Liberdade interrompida
por Paulo Lima
As notícias da retirada das tropas norte-americanas do Afeganistão, ocorrida em 2021, se perdem nas imagens da fuga em massa dos afegãos motivada pela volta do regime do Talibã ao poder. O documentário Escrevendo Hawa (Writing Hawa) se concentra num drama específico daquele período, vivido por uma matriarca, Hawa, e sua família, residente na capital Cabul.

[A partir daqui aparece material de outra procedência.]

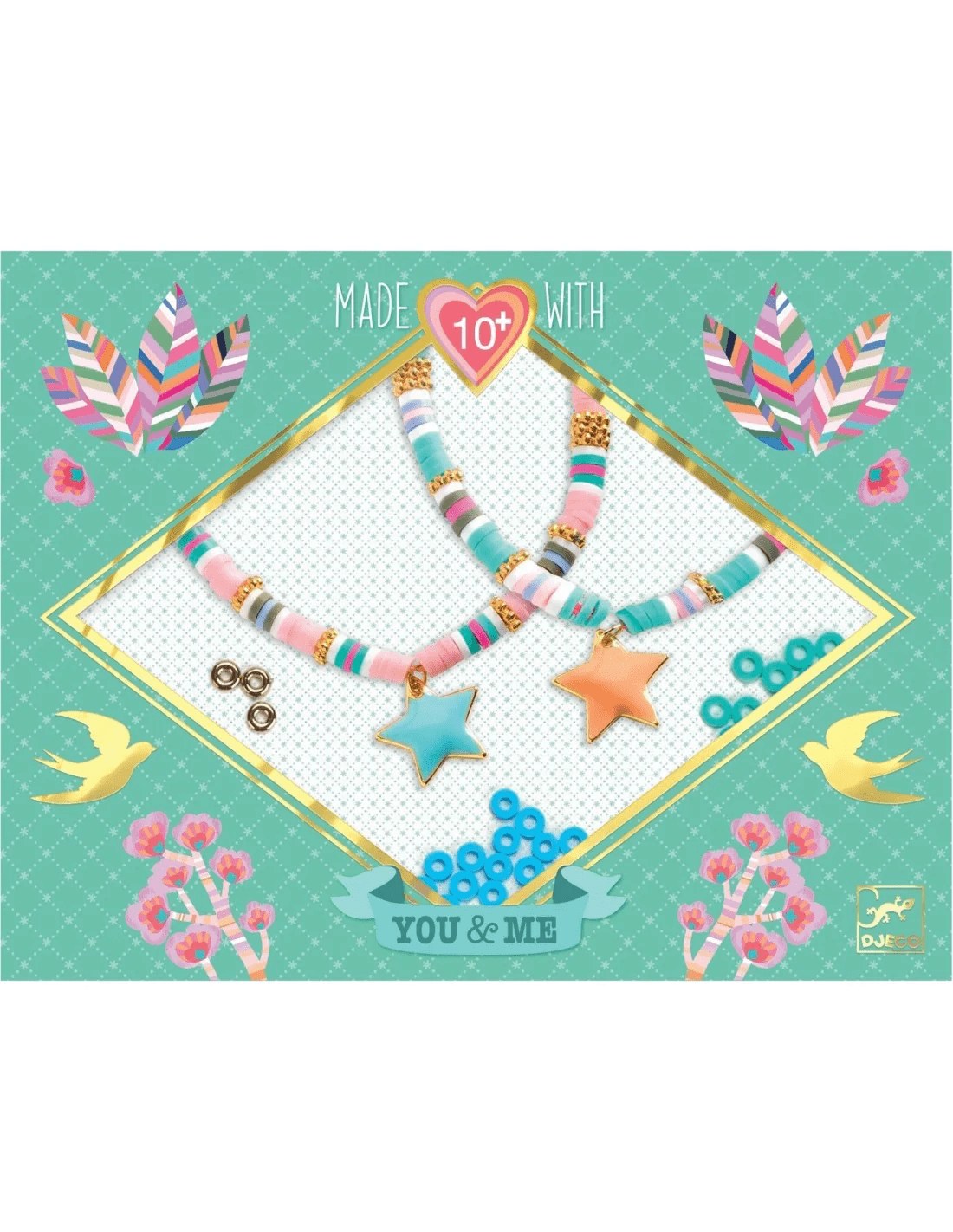 djeco duo jewels armbanden duo star heishi 10+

Trata-se de um retrato intimista feito pela jornalista Najiba Noori, filha de Hawa, iniciado em 2019. O projeto foi interrompido com o retorno do Talibã. Najiba precisou fugir para Paris. Seu irmão Rasul deu continuidade às filmagens, mas por pouco tempo, até ser agredido e impedido pelos talibãs.
Ao longo de dois anos, Hawa passa por uma transformação. Ela evolui da condição de cuidadora em tempo integral do marido com demência e adota novas atitudes: aprende a ler e escrever, e busca desenvolver a habilidade de artesã, visando partir para um negócio próprio.
O filme de Najiba mostra a tomada de consciência da mãe, rumo à emancipação. Hawa vai a um salão de beleza, experimenta uma mudança no visual e se admira com as performances e a beleza de artistas mulheres que vê na TV, sem o uso da burca.
Com a câmera na mão, posta à altura dos rostos e explorando as tomadas em close, Najiba procura espelhar as inquietações de Hawa, fazendo intervenções pontuais que levam a mãe a revelar sua história: foi forçada a se casar com um homem 30 anos mais velho, embora amasse um primo. História diferente de Najiba, que pôde experimentar um grau maior de liberdade em relação à mãe, favorecida pelos novos ares sem a presença dos talibãs, cursando universidade e se dedicando a uma profissão.
A reviravolta política no Afeganistão pôs fim ao projeto de Najiba e interrompeu o sonho de liberdade de Hawa. Com recursos simples, tendo como estrutura a observação direta, Writing Hawa acaba por revelar a asfixia e a submissão impostas às mulheres pelo fundamentalismo dos talibãs.